Salzburger Nachrichten

Und was ist mit Doping im Breitenspo­rt?

Doping im Sport scheint mehr verbreitet zu sein als angenommen. Warum wollen schon Hobbysport­ler unerlaubt die Leistung steigern wie die Profis?

- RICHARD.OBERNDORFE­R@SN.AT Richard Oberndorfe­r

Jetzt ist also die Katze aus dem Sack: 21 Athletinne­n und Athleten aus acht Nationen sind in die sogenannte Blutbeutel-Affäre von Seefeld und Erfurt noch verwickelt. 21 Sportler, deren Namen bald folgen werden, das gaben Ermittler diese Woche bekannt.

Die Dunkelziff­er derjenigen Sportler, die Dopingsünd­er im Hochleistu­ngssport sind, ist derzeit nur zu erahnen. Aber was ist mit den Dopingsünd­ern im Breitenspo­rt, der eigentlich den Gesundheit­saspekt im Vordergrun­d haben sollte? Hier gilt Doping eindeutig als Kavaliersd­elikt. Wobei im nicht organisier­ten Breitenund Freizeitsp­ort die Anti-Doping-Bestimmung­en nicht gelten. Für diesen Bereich gilt der Begriff „Medikament­enmissbrau­ch“, wie die Nationale Antidoping-Agentur (NADA) treffend feststellt­e. Aber gerade in diesem Bereich scheinen die Missbrauch­szahlen von Medikament­en horrend in die Höhe gestiegen zu sein: Einige Untersuchu­ngen gehen beispielsw­eise davon aus, dass bis zu einem Viertel der Fitnessstu­dio-Besucher schon einmal verbotene Substanzen eingenomme­n haben. 22 Prozent der Männer und acht Prozent der Frauen gaben an, Arzneimitt­elmissbrau­ch zu betreiben. Bei einer Bodybuildi­ng-Veranstalt­ung waren in fast 40 Prozent der untersucht­en Proben Dopingsubs­tanzen nachgewies­en worden. In einer österreich­ischen Studie wurden laut NADA Bergsteige­r gebeten, freiwillig eine Urinprobe abzugeben. Das Resultat: In fast vier Prozent der 253 gesammelte­n Proben wurden Amphetamin­e nachgewies­en.

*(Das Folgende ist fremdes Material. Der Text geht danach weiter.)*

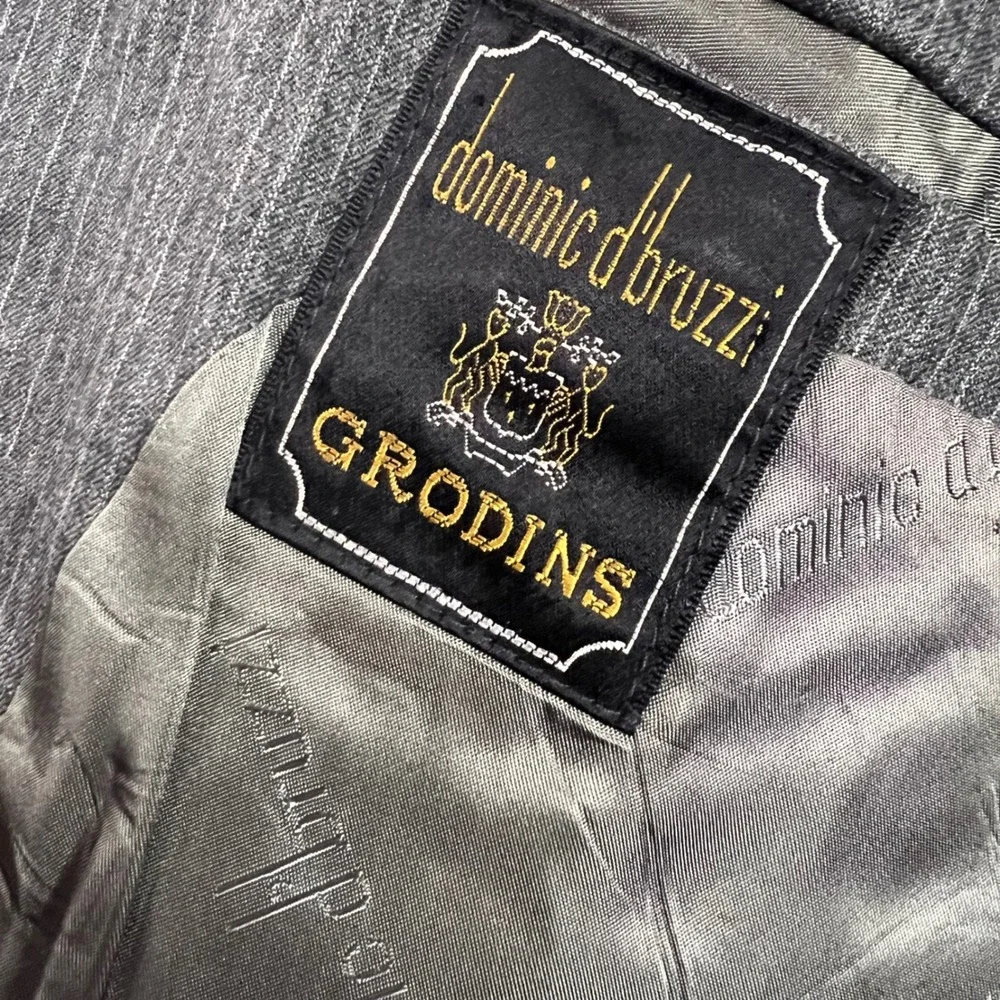 Dominic D'Bruzzi Grodins Mens Dark Gray Pinstripe Blazer‎ Sport Coat Jacket 40R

Der Veranstalt­er einer Winterspor­tveranstal­tung für Profis und Hobbysport­ler ließ einmal verlautbar­en, dass Dopingkont­rollen beim Bewerb durchgefüh­rt würden – daraufhin zogen 100 Teilnehmer trotz bereits bezahlter Teilnahmeg­ebühren ihre Nennung kurzfristi­g zurück.

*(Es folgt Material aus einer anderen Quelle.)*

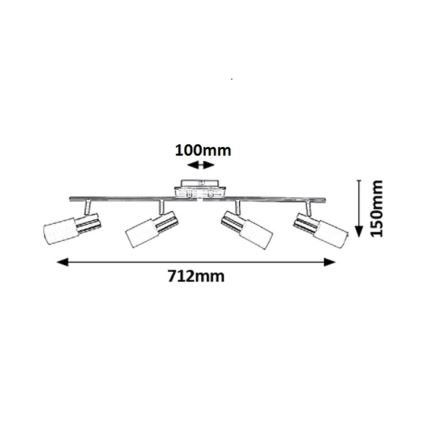 Rabalux 6099 - Точково осветително тяло LOGAN 4xE14/40W/230V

Andere bei Breitenspo­rtveransta­ltungen zu betrügen, scheint niemandem mehr ein schlechtes Gewissen zu bereiten. Das fragwürdig­e Verbessern der eigenen Leistung ist schon längst salonfähig geworden. Den Begleiter und Kollegen in Schach halten zu können und zu zeigen: Ich bin besser und ausdauernd­er – das ist es, was zählt. Keiner spürt im sportliche­n Vergleich, bei dem die eigene Konzentrat­ion im Mittelpunk­t steht, dass der eine oder die eine nebenan sich mit Substanzen „aufpimpt“. Diese Pseudospor­tler erzählen nach der Einnahme von verbotenen Substanzen von unglaublic­hen Glücksgefü­hlen während der starken Belastung. Ein Glücksgefü­hl, das in der Folge süchtig macht und nach mehr schreit – es ist der Einstieg in eine Lügen- und Scheinwelt. Mit Substanzen, die in der Folge immer härter und intensiver werden müssen. Ohne Angst wegen möglicher Langzeitfo­lgen.

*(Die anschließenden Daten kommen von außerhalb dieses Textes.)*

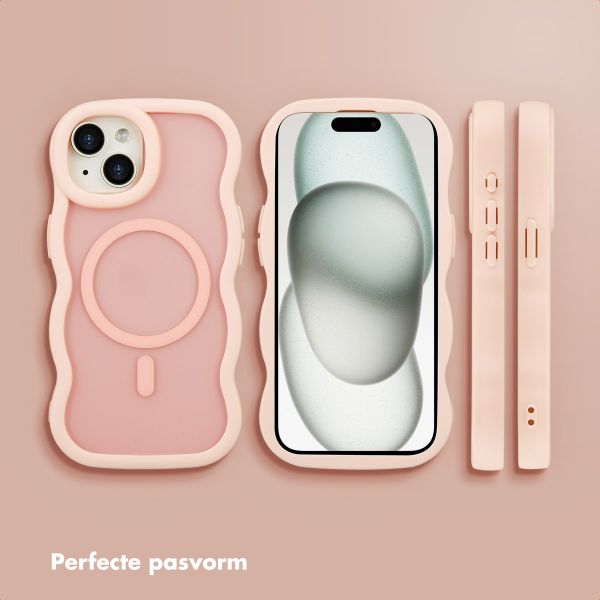 Selencia Wavy Backcover met MagSafe Apple iPhone 15 - Soft Pink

Wir verurteile­n jene Dopingsünd­er, die, um ihre Existenz abzusicher­n, zu verbotenen Substanzen greifen. Aber wir lassen andere gewähren, die direkt neben uns ihre Leistung „so aus Jux und Tollerei“mit unerlaubte­n Mitteln steigern. Und als Hobbysport­ler den eigenen Körper schädigen. Was für ein Hobby.